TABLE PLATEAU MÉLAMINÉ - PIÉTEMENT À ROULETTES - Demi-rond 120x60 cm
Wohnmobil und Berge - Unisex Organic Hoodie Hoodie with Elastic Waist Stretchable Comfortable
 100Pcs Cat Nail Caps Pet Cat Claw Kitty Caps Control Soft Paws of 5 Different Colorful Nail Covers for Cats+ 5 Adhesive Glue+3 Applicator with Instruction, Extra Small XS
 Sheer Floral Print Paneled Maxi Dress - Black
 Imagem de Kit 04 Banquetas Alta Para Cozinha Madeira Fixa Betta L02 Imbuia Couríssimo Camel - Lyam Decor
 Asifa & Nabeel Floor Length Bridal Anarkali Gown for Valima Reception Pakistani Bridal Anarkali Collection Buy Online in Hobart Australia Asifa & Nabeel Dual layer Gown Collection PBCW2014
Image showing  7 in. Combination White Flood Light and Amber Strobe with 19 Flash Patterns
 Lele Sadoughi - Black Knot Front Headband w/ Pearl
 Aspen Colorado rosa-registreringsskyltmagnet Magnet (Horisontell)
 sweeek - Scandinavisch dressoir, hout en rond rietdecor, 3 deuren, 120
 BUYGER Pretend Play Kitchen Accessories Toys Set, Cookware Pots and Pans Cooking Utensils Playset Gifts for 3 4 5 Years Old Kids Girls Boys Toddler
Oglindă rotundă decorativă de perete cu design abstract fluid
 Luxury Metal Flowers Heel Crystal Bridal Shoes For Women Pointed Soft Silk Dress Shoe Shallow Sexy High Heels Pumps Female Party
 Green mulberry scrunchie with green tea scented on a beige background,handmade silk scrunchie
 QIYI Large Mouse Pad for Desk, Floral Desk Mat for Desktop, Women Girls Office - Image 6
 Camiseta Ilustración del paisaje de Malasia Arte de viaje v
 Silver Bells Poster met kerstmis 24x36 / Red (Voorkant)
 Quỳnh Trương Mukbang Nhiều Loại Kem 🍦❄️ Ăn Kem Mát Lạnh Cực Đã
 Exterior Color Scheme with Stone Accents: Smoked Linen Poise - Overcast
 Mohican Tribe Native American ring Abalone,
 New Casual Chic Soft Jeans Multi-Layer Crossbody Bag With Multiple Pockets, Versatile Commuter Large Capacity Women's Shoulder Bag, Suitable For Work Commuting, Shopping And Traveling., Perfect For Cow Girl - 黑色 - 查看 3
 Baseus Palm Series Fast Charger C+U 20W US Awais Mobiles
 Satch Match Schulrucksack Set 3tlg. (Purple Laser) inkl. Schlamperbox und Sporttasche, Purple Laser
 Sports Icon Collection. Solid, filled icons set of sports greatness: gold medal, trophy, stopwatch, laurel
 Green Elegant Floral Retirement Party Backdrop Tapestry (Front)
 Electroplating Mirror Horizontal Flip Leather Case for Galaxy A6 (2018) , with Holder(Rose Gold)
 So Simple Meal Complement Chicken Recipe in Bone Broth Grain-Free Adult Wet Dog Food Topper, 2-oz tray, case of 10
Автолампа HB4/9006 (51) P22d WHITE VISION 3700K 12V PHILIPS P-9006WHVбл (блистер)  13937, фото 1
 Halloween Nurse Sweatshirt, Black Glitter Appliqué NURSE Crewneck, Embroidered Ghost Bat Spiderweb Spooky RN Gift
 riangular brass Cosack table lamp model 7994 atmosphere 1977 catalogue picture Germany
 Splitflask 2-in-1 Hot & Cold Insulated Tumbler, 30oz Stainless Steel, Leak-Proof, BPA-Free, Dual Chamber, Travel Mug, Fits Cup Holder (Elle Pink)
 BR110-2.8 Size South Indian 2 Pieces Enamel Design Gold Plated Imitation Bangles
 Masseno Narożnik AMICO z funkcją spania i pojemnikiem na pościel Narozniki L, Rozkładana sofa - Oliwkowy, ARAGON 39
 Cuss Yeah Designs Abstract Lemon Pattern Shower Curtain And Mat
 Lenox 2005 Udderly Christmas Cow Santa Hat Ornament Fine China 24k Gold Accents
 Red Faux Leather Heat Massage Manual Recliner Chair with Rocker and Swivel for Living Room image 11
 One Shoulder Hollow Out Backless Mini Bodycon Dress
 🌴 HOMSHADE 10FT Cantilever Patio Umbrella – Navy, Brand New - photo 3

::::::::

WORK REQUIRED:
Scan the listing and copy every line where the string "Bridal" shows up.

WRITTEN ANSWER:
 Asifa & Nabeel Floor Length Bridal Anarkali Gown for Valima Reception Pakistani Bridal Anarkali Collection Buy Online in Hobart Australia Asifa & Nabeel Dual layer Gown Collection PBCW2014
 Luxury Metal Flowers Heel Crystal Bridal Shoes For Women Pointed Soft Silk Dress Shoe Shallow Sexy High Heels Pumps Female Party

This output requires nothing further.